# My Nintendo Rewards



## Jake (Oct 25, 2017)

It seems My Nintendo has accidentally leaked some rewards for the game. Oops!













*OK Motors cap/jacket:* An item for your character to wear in the Animal Crossing: Pocket Camp game. (Redeemable:  1 time)
*5,000 Bells:* In-game currency that can be used in the Animal Crossing: Pocket Camp game. Bells are used to pay back loans or purchase furniture and clothes.
*Wood/steel/cotton/paper/preserves:* In-game items that can be used in the Animal Crossing: Pocket Camp game.
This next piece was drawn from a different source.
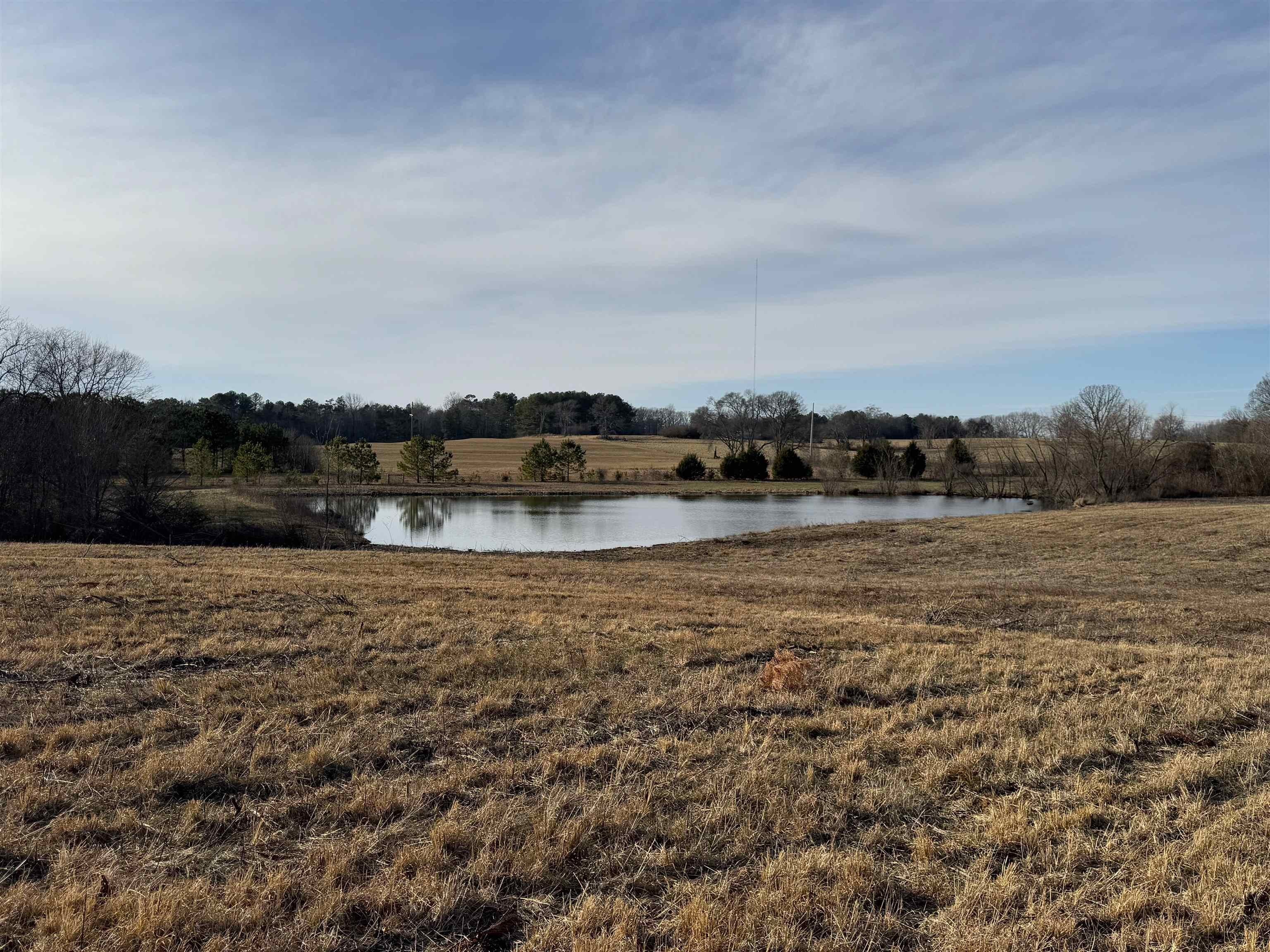 Scenic Land with Pond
Craft materials are used when ordering products from Re-Tail on the Road.
*50 Leaf Tickets:* Leaf Tickets can be used in the Animal Crossing: Pocket Camp game when you don't have enough materials to craft something or when you use honey, fertilizer, or a throw net. (Redeemable:  1 time)


----------



## Garrett (Oct 25, 2017)

Great stuff. I have a ton of reward coins and nothing to spend them on. 

Until now! (Well, late November)


----------



## shunishu (Oct 25, 2017)

"accidentally" .. ^^;
most my coins expired.. time to save up again i guess


----------



## MrsResetti (Oct 26, 2017)

This is so cool, thank you for sharing!


----------